NIFI-4789 Extract grok multi pattern support #2411

charlesporter · 2018-01-17T22:19:58Z

ExtractGrok Processor supports multiple expressions
-separated by comma or by specified delimiter
-option to return on first match or to run all expressions in list
ralated enhancements:
-multiple pattern files support
-selectable result attribute prefix (default unchanged from '.grok')

implemented by creating multiple kraken-Grok objects. It is possible that performance could be improved by using elasticsearch implementation:
https://github.com/elastic/elasticsearch/tree/d6d0c13bd63f28347ebdb0f9364e44921c248b8b/modules/ingest-common/src/main/java/org/elasticsearch/ingest/commoncommon/src/main/java/org/elasticsearch/ingest/common/Grok.java

-separated by comma or specified delimiter -option to return on first match or to run all expressions in list other enhancements -multiple pattern files -selectable result attribute prefix

charlesporter

added apache_patterns to rat excludes

markap14

@charlesporter thanks for the update! I think the idea makes a lot of sense. The PR, as submitted, needs a bit of cleanup, though, I think, and there are some thread safety concerns. I commented more specifically inline.

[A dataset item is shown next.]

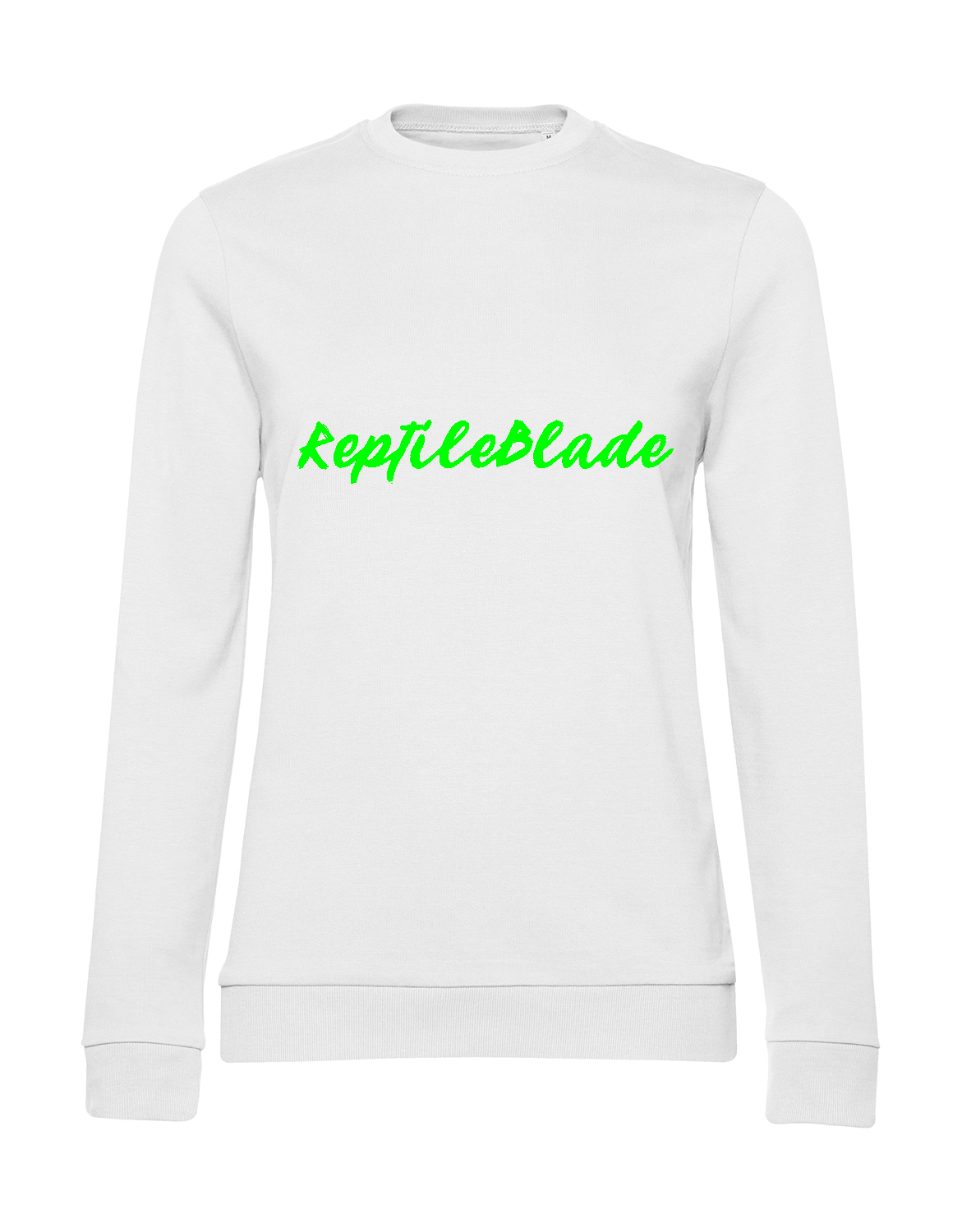Miniature Sweat-shirt femme "ReptileBlade"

I think it's worth considering also to use user-defined properties to specify additional grok expressions instead of using a delimiter, because delimiters can get really tricky to read and to write without realizing that you're using the delimiter, especially when mixed in with a syntax like Grok where you can use common delimiter such as commas in the syntax itself.

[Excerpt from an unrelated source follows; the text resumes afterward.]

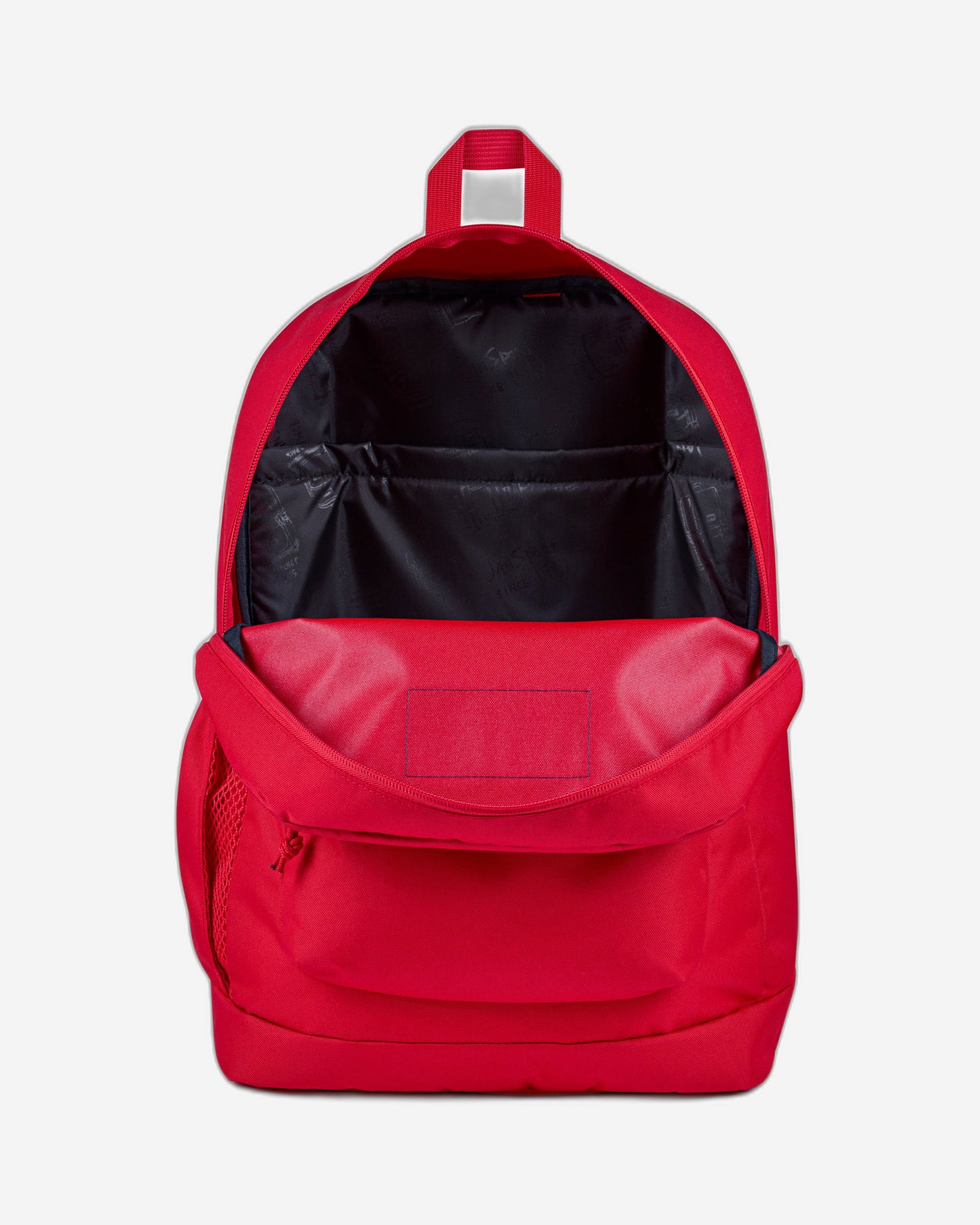 حقيبة ظهر JanSport Cross Town Plus متوسطة الحجم للكمبيوتر المحمول من Red Tape EK0A5BLBN581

markap14 · 2018-01-29T17:15:06Z

.../nifi-standard-processors/src/main/java/org/apache/nifi/processors/standard/ExtractGrok.java

        }
    }

+    public static Validator validateMultipleFilesExist() {
+        return (subject, input, context) -> {
+            for (String s : input.split(PATTERN_FILE_LIST_SEPARATOR)) {


The logic here doesn't appear to be right. This is going to create a validator for the first file that it encounters but not validate the others.

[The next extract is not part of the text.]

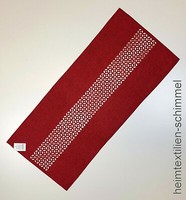Stickerei Tischdeckchen Tischdecke Allzeit Deckchen TischäUfer Tischdeko 40X90Cm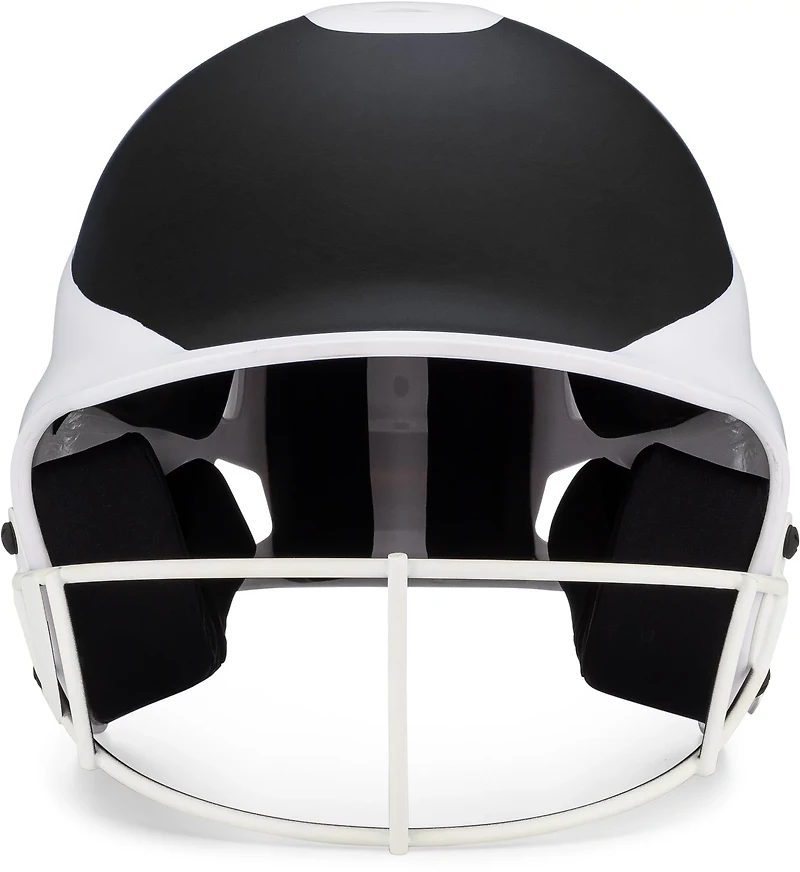 RIP-IT Women's Vision Pro Matte Two Tone Softball Batting Helmet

markap14 · 2018-01-29T17:17:13Z

.../nifi-standard-processors/src/main/java/org/apache/nifi/processors/standard/ExtractGrok.java

    public static final PropertyDescriptor GROK_EXPRESSION = new PropertyDescriptor.Builder()
-        .name("Grok Expression")
-        .description("Grok expression")
+        .name(GROK_EXPRESSION_KEY)


Can you help me understand the idea behind pulling the string literal out into a member variable? Since the PropertyDescriptor's name is generally not referenced elsewhere, it's usually a lot cleaner to have the name inlined.

just because sometimes (maybe not in this processor) the literals for the properties do get re-used. I like consistency, even if in a particular situation it might not add much. If the NIFI style is to not to do it this way, I will happily use literals.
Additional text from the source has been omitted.